● DATA BLOCK
=-=-=

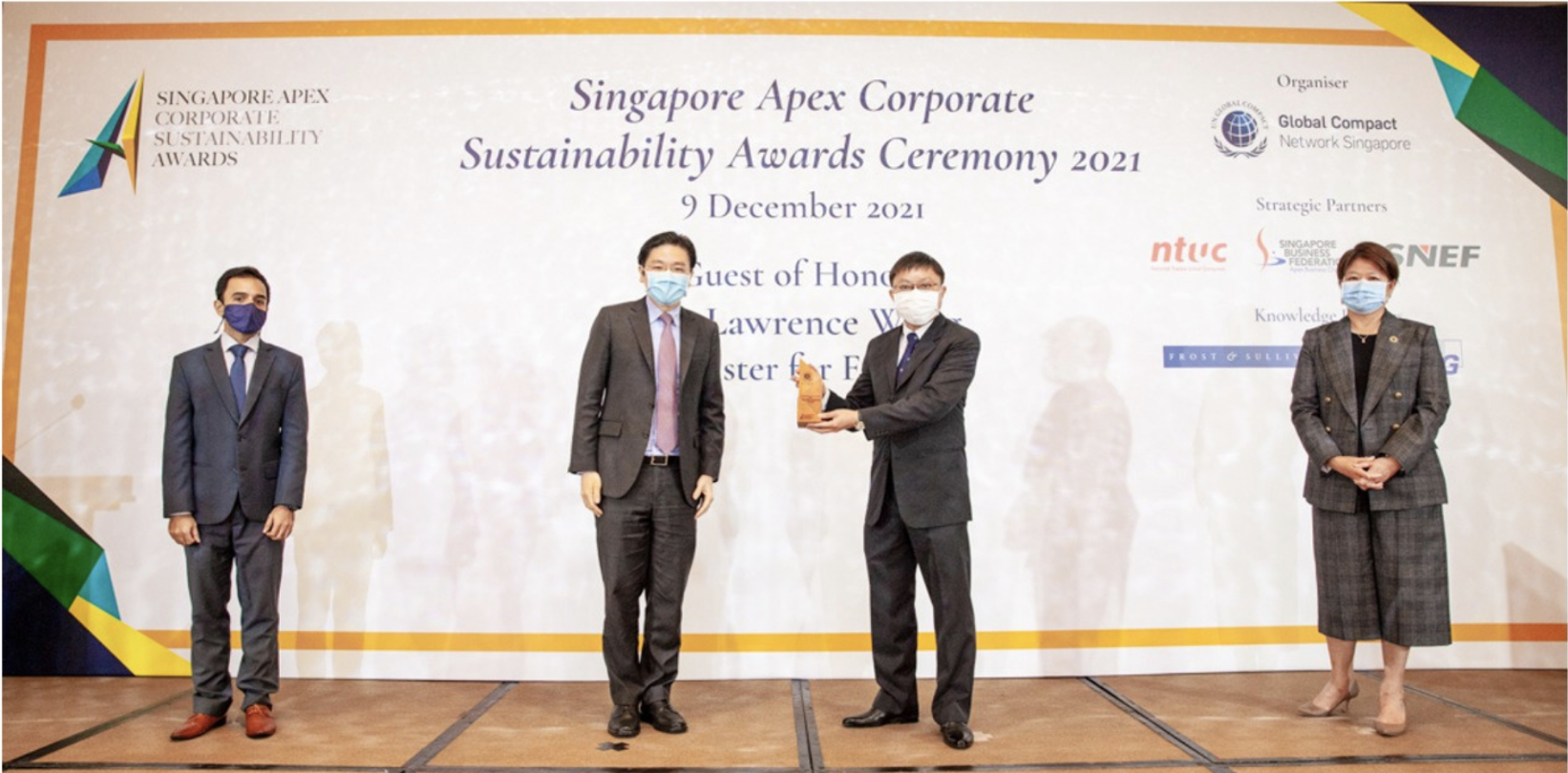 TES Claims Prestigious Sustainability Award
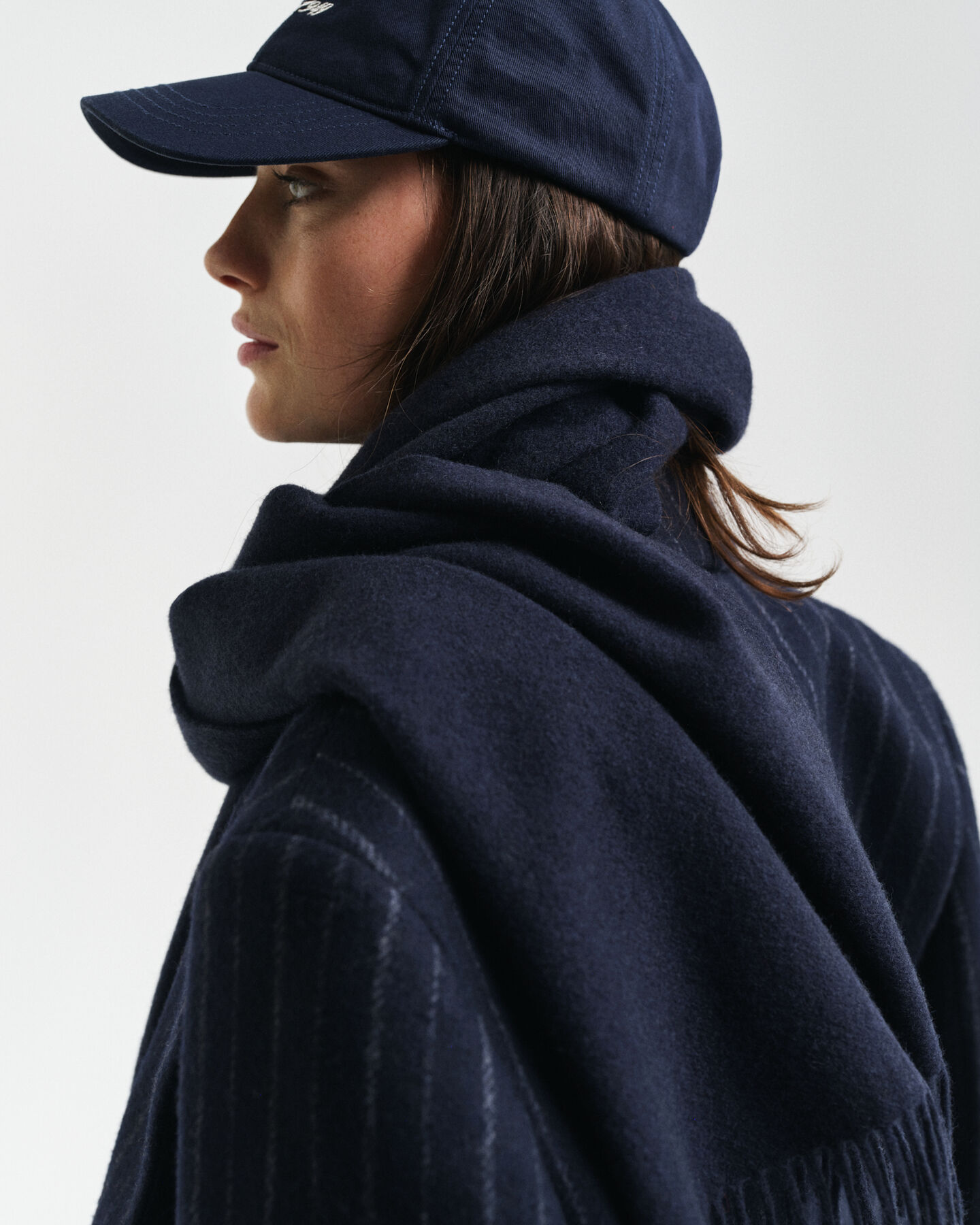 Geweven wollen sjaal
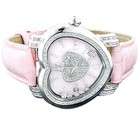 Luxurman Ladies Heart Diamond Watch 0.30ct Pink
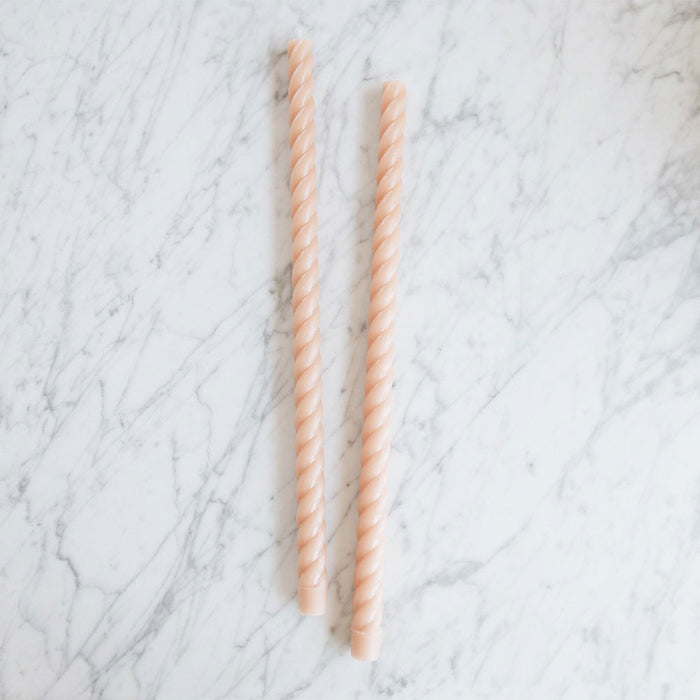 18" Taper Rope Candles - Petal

=-=-=

● TASK BRIEF
Write out, word for word, only the lines from the one containing "Luxurman Ladies Heart" to the end of the data above; the pictures stay out.

● ANSWER BELOW
 Luxurman Ladies Heart Diamond Watch 0.30ct Pink
 18" Taper Rope Candles - Petal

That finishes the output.